Paul's Vision and His Thorn
1I must go on boasting. Although there is nothing to be gained, I will go on to visions and revelations from the Lord. 2I know a man in Christ who fourteen years ago was caught up to the third heaven. Whether it was in the body or out of the body I do not know—God knows. 3And I know that this man—whether in the body or apart from the body I do not know, but God knows— 4was caught up to paradise. He heard inexpressible things, things that man is not permitted to tell. 5I will boast about a man like that, but I will not boast about myself, except about my weaknesses. 6Even if I should choose to boast, I would not be a fool, because I would be speaking the truth. But I refrain, so no one will think more of me than is warranted by what I do or say.

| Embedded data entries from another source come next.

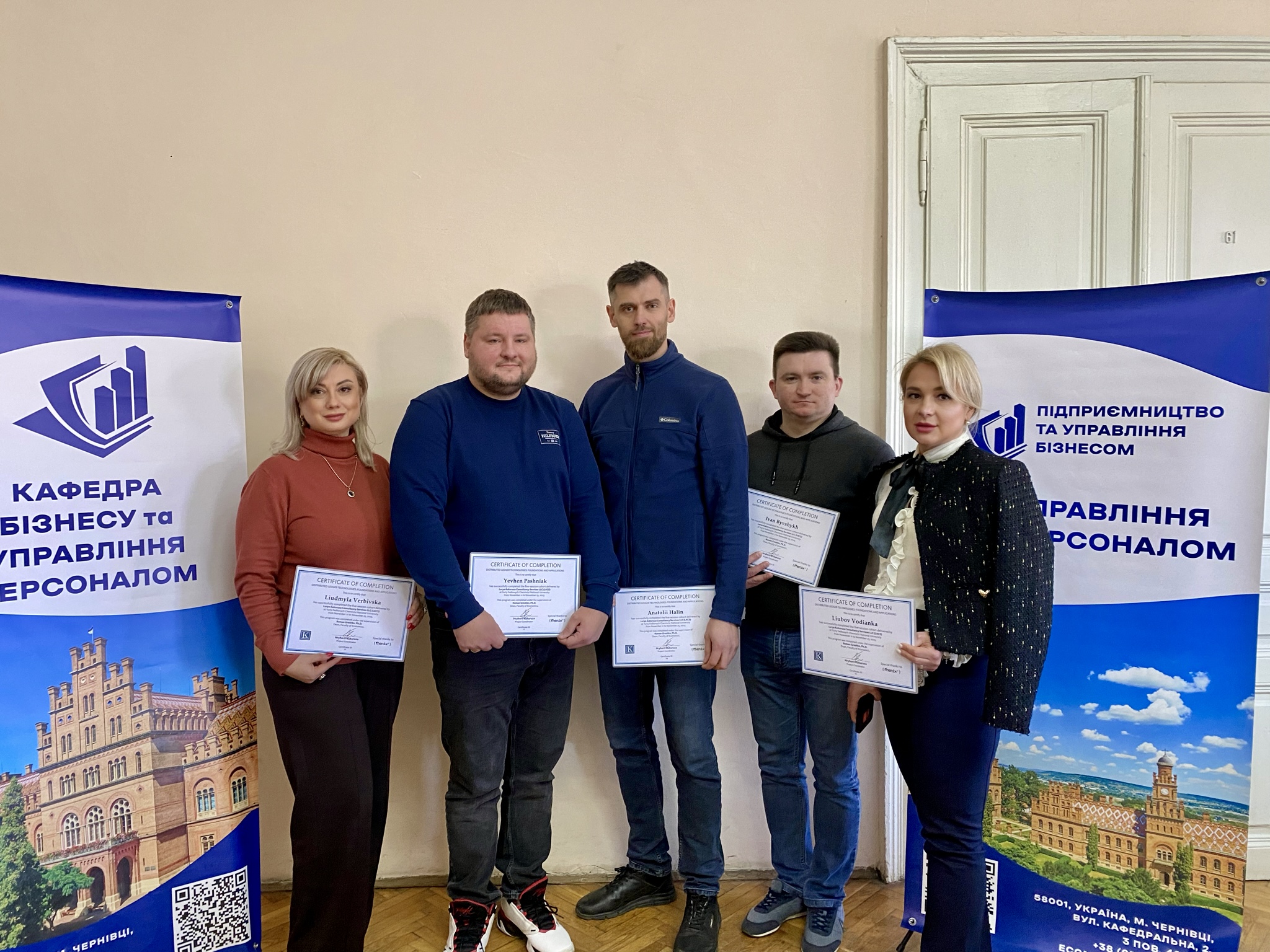 📢 До новітніх технологій - разом!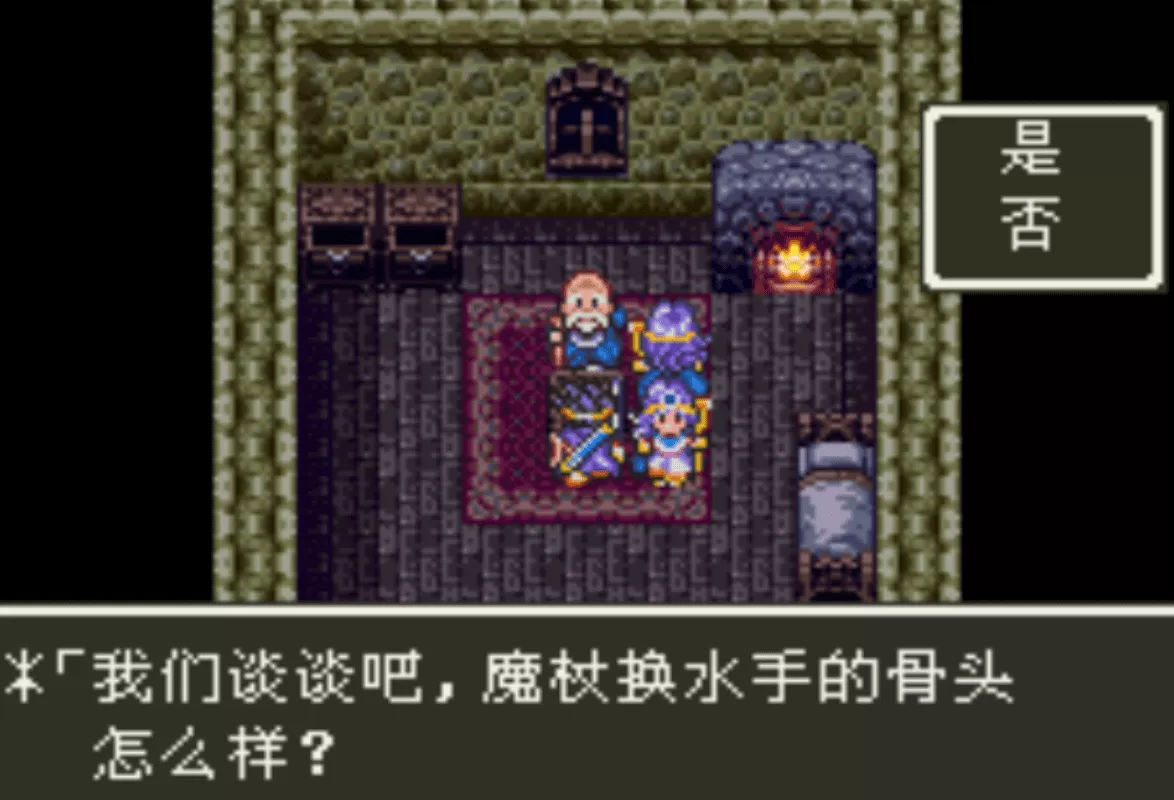 SFC勇者斗恶龙3图文攻略,勇者斗恶龙3抵达魔王城攻略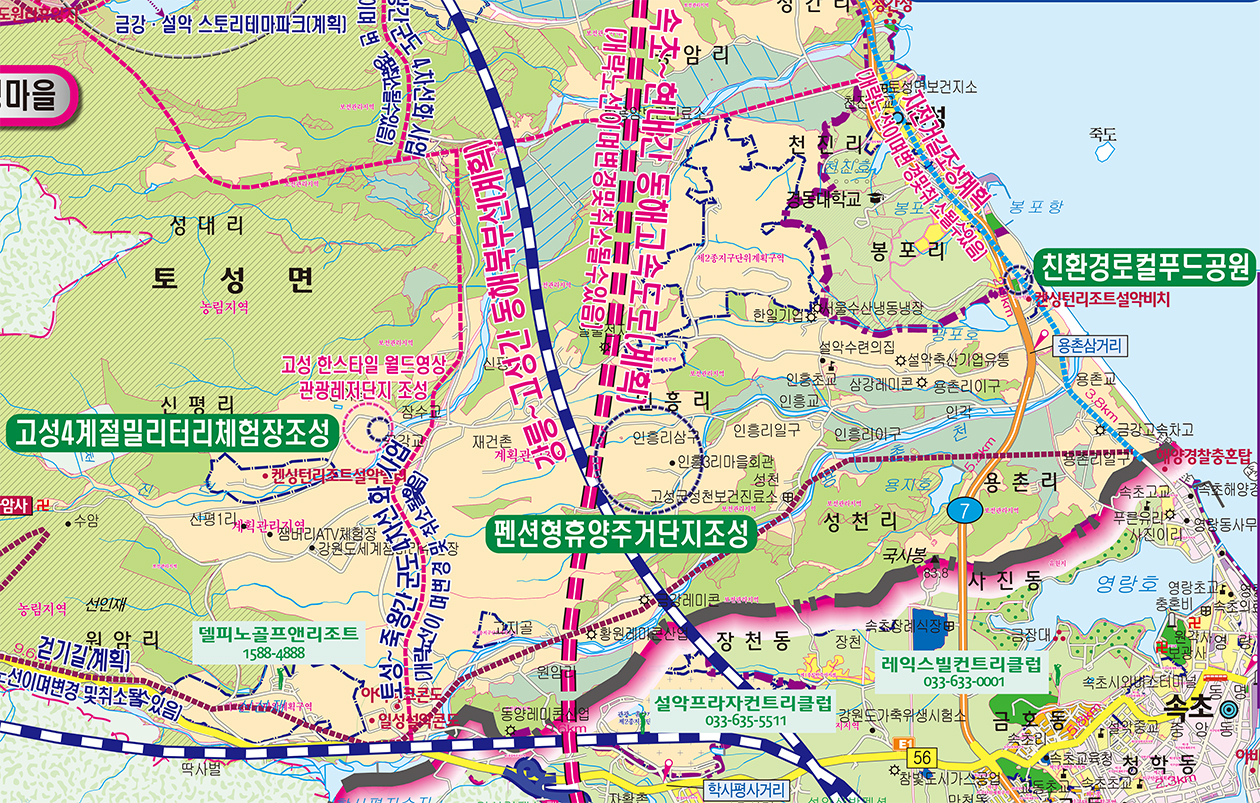 2035고성군 개발계획도  [ 족자 ]
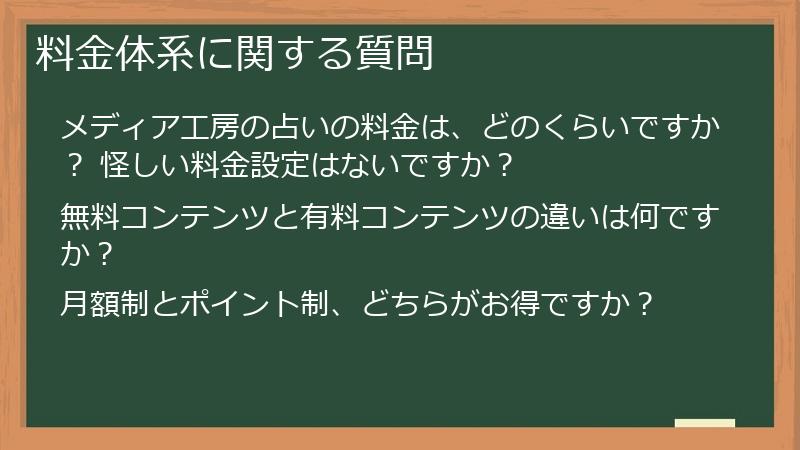 料金体系に関する質問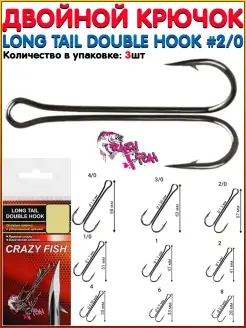 Крючок рыболовный двойной Crazy Fish LONG TAIL Double Hook / Двойник / Крючки двойные / Ловля щуки Crazy Fish 77568486 купить за 371 ₽ в интернет-магазине Wildberries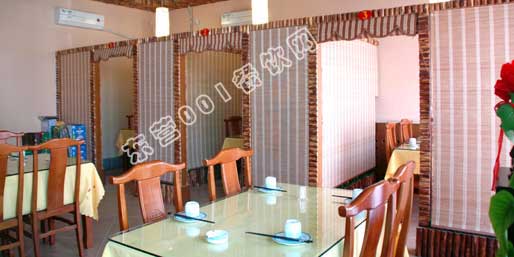 ��Ӫ001������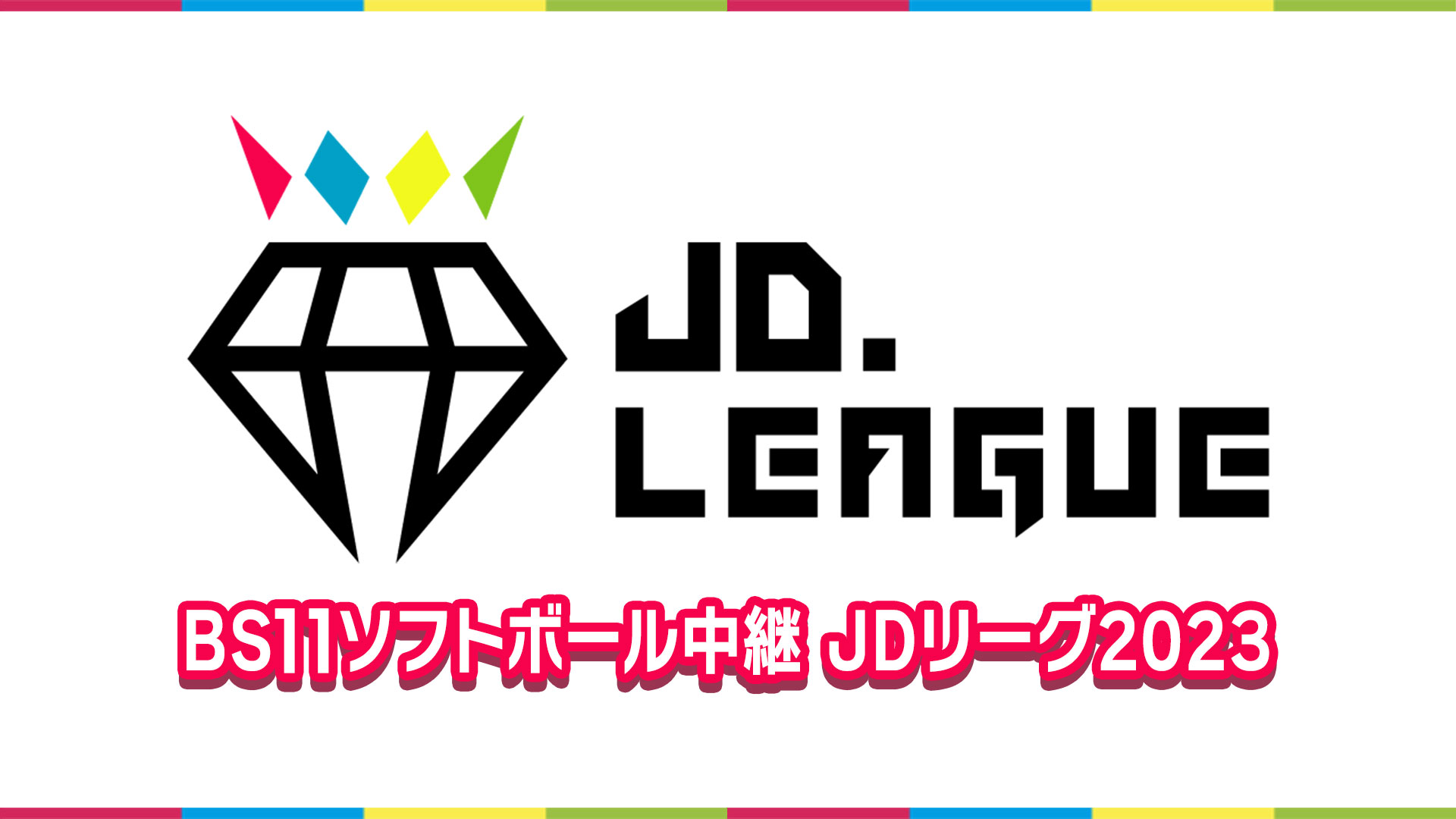 BS11ソフトボール中継 JDリーグ2023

7To keep me from becoming conceited because of these surpassingly great revelations, there was given me a thorn in my flesh, a messenger of Satan, to torment me. 8Three times I pleaded with the Lord to take it away from me. 9But he said to me, "My grace is sufficient for you, for my power is made perfect in weakness." Therefore I will boast all the more gladly about my weaknesses, so that Christ's power may rest on me. 10That is why, for Christ's sake, I delight in weaknesses, in insults, in hardships, in persecutions, in difficulties. For when I am weak, then I am strong.

I have tried for the past 5 days to figure out what I think and feel at the events that took place last Friday evening.  I have been at a total loss for words, and for those who know me this is seems as if it were an impossibility.

My brother was in a terrible motorcycle accident, and his life has forever been altered.  I want so much to say something to make it all better, but that is not realistic.  I know that God is in the mist of this journey for my brother to endure, persevere, and hopefully grow into the man God desires him to be.  Physical pain has enveloped every fiber of my being because with each passing moment I come to a new level of realization that he will have to figure out how to live his life with out his right arm.  I know this doesn't mean that his life is over, but just more complicated...more of a struggle.  There have been moments in these last few days that I've wished that I could change places with him because I know that as hard as it would be I would be able to hold my head up to praise God for this tragedy, perhaps with bitter tears from time to time, but I know in the end I could see God at work in my life.  My brother doesn't have this
relationship with his God.  Perhaps, at times it is harder to trust God to do for your loved ones what he does for you.  

Friday, April 18, 2008

What's In A Name?

Ephesians 5:1-21 (NIV)

1Be imitators of God, therefore, as dearly loved children 2and live a life of love, just as Christ loved us and gave himself up for us as a fragrant offering and sacrifice to God.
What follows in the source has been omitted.